--- WORK REQUIRED ---
Every line of the data below must be output exactly, with images left out.

--- MATERIAL PROVIDED ---

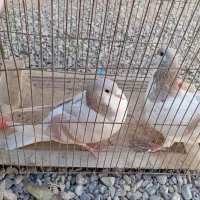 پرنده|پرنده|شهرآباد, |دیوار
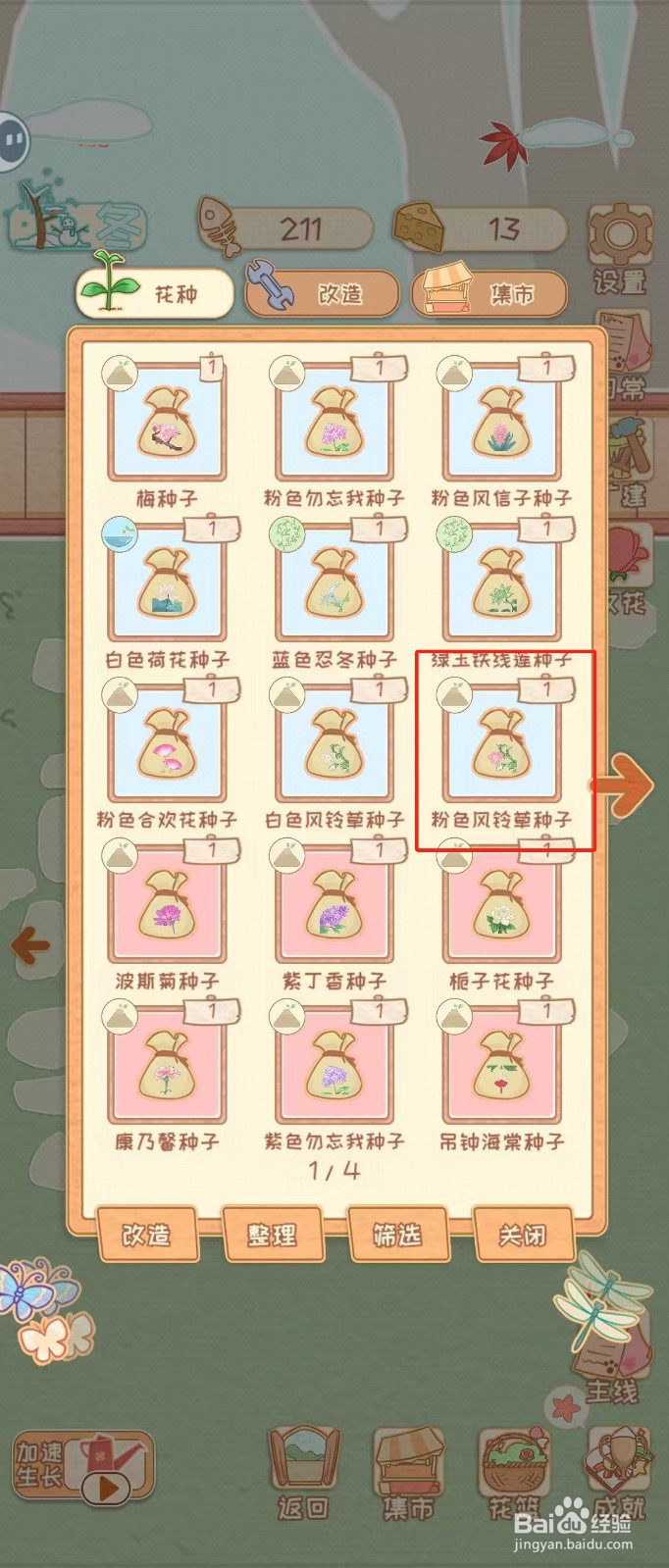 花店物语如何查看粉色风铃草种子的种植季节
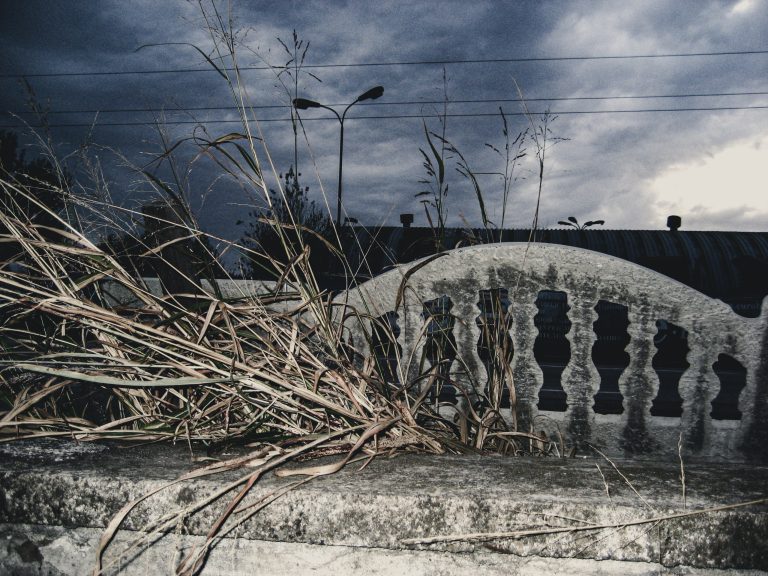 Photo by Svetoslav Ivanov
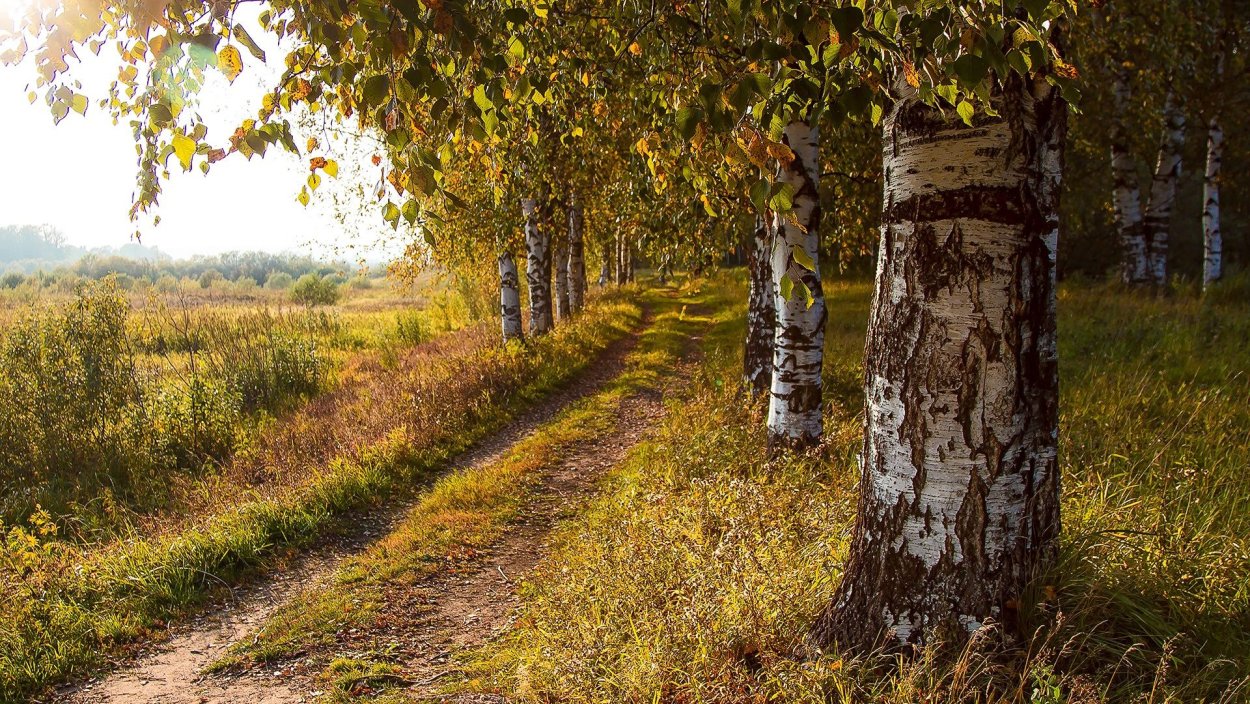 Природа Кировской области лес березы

--- EXPECTED ANSWER ---
 پرنده|پرنده|شهرآباد, |دیوار
 花店物语如何查看粉色风铃草种子的种植季节
 Photo by Svetoslav Ivanov
 Природа Кировской области лес березы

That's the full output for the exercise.